I don't know which versions are supported, but this may be potentially helpful: https://github.com/marian-nmt/marian-dev/issues/900#issuecomment-1015127934

gregtatum commented 4 months ago

I did some investigation into this. It requires v3.6.0 to match sentencepiece.

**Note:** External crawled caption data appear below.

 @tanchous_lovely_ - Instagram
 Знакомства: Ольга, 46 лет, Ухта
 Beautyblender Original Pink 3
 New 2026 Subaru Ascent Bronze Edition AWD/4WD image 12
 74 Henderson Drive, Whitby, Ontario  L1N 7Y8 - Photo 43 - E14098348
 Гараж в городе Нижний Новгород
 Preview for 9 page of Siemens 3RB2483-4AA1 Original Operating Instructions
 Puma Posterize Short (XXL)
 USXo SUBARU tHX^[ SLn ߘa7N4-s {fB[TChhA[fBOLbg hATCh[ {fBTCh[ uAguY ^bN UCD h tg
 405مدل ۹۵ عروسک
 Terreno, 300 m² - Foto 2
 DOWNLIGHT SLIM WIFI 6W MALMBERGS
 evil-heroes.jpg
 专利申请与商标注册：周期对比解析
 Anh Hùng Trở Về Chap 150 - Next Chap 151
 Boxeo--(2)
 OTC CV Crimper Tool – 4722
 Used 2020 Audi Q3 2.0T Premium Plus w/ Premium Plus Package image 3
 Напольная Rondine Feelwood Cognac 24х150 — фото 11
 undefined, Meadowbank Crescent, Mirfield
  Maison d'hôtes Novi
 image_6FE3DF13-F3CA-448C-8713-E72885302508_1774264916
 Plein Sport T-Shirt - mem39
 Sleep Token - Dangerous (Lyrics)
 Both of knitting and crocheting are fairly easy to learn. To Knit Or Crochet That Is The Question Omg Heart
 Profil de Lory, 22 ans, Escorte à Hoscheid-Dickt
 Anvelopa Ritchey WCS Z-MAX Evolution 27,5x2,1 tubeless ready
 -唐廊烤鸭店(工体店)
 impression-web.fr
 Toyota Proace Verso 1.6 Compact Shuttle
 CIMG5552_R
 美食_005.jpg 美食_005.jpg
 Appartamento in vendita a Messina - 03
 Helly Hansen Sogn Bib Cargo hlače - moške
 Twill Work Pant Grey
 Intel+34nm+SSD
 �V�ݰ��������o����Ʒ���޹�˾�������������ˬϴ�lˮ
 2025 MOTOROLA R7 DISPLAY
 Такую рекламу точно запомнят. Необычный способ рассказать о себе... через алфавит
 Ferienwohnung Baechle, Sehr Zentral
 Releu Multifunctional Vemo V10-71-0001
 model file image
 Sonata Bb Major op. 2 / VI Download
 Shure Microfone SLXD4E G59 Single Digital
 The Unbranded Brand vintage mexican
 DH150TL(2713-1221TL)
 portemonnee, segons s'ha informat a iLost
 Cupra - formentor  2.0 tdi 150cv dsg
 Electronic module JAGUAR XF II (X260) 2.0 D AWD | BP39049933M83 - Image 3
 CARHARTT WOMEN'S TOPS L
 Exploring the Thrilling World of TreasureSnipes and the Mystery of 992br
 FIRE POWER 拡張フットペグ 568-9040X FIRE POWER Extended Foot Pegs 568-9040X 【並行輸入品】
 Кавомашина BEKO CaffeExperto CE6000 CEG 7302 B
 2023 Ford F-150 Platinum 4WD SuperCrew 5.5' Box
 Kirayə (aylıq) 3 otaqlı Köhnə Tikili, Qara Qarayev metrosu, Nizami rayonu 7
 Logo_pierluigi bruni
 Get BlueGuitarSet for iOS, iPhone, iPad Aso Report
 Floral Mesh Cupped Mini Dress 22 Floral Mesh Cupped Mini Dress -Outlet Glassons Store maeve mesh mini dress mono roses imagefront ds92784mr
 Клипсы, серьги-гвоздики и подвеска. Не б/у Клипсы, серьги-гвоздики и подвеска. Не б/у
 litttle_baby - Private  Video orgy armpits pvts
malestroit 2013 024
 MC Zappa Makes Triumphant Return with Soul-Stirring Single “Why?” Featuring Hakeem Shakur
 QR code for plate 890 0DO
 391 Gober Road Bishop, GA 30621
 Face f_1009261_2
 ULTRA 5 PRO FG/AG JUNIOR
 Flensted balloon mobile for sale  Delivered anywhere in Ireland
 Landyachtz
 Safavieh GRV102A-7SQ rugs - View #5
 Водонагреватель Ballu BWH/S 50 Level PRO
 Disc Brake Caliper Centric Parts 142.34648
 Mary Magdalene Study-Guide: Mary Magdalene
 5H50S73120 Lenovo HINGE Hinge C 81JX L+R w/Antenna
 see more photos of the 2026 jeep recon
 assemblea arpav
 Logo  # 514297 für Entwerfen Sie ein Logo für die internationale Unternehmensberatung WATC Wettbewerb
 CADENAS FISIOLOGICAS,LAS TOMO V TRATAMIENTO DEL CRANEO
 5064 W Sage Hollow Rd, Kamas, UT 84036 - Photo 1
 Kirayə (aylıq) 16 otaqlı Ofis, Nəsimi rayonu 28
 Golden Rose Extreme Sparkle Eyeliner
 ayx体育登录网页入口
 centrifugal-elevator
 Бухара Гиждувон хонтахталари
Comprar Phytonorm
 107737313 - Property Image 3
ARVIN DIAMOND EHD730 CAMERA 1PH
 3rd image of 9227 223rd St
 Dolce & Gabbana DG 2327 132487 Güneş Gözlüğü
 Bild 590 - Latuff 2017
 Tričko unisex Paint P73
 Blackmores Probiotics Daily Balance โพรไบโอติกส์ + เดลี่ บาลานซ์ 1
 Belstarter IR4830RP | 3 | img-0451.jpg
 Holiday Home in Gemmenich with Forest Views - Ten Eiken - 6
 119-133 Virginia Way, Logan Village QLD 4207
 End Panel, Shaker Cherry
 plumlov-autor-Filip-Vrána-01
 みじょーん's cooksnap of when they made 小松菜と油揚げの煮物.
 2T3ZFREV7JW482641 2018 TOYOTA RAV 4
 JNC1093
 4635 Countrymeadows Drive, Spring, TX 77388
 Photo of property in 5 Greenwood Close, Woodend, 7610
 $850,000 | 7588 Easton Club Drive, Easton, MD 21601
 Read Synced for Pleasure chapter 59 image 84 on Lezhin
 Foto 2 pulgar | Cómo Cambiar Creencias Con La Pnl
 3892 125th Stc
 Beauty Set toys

https://github.com/protocolbuffers/protobuf/releases/tag/v3.6.0

I added this to my docker config to deal with it:

# Get the header files for the protobuf version that matches sentencepiece in Marian.
# e.g. if the marian build complains about the C++ define: GOOGLE_PROTOBUF_MIN_LIBRARY_VERSION 3006001
# This 3006001 maps to version v3.6.1. This checkout will need to change.
RUN git clone --branch v3.6.1.3 --single-branch https://github.com/protocolbuffers/protobuf.git && \
    rm -rf /usr/include/google && \
    ln -s $(pwd)/protobuf/src/google /usr/include

# Get the correct version of the Protobuf Compiler.
#
# protoc-3.6.1-linux-x86_64.zip
# ├── bin
# │   └── protoc
# └── include
RUN wget https://github.com/protocolbuffers/protobuf/releases/download/v3.6.1/protoc-3.6.1-linux-x86_64.zip && \
    unzip protoc-3.6.1-linux-x86_64.zip -d protoc && \
    rm protoc-3.6.1-linux-x86_64.zip && \
    mv protoc/bin/protoc $BIN

RUN git clone https://github.com/marian-nmt/marian-dev.git marian-dev

# Re-build the onnx model definitions with the correct version of
RUN cd marian-dev/src/3rd_party/onnx/protobuf && \
    ${BIN}/protoc onnx-ml.proto --cpp_out .
gregtatum commented 3 months ago

Actually, this needs the library built and linked as well.

Something like:

RUN git clone --branch v3.6.1.3 --single-branch https://github.com/protocolbuffers/protobuf.git && \
    ./compile-protoc.sh ./protobuf

compile-protoc.sh

#!/bin/bash
set -ex

##
# Usage: ./compile-protoc.sh ./protobuf
#

test -v BIN

# This follows the instructions from: https://github.com/protocolbuffers/protobuf/blob/v3.14.0/src/README.md
cd $1
git submodule update --init --recursive
./autogen.sh

./configure
make
make check
make install
ldconfig # refresh shared library cache.

# Now that we're done, copy the bin.
cp ./src/protoc "${BIN}"

# Link in the includes.
ln -s $(pwd)/src/google /usr/include/google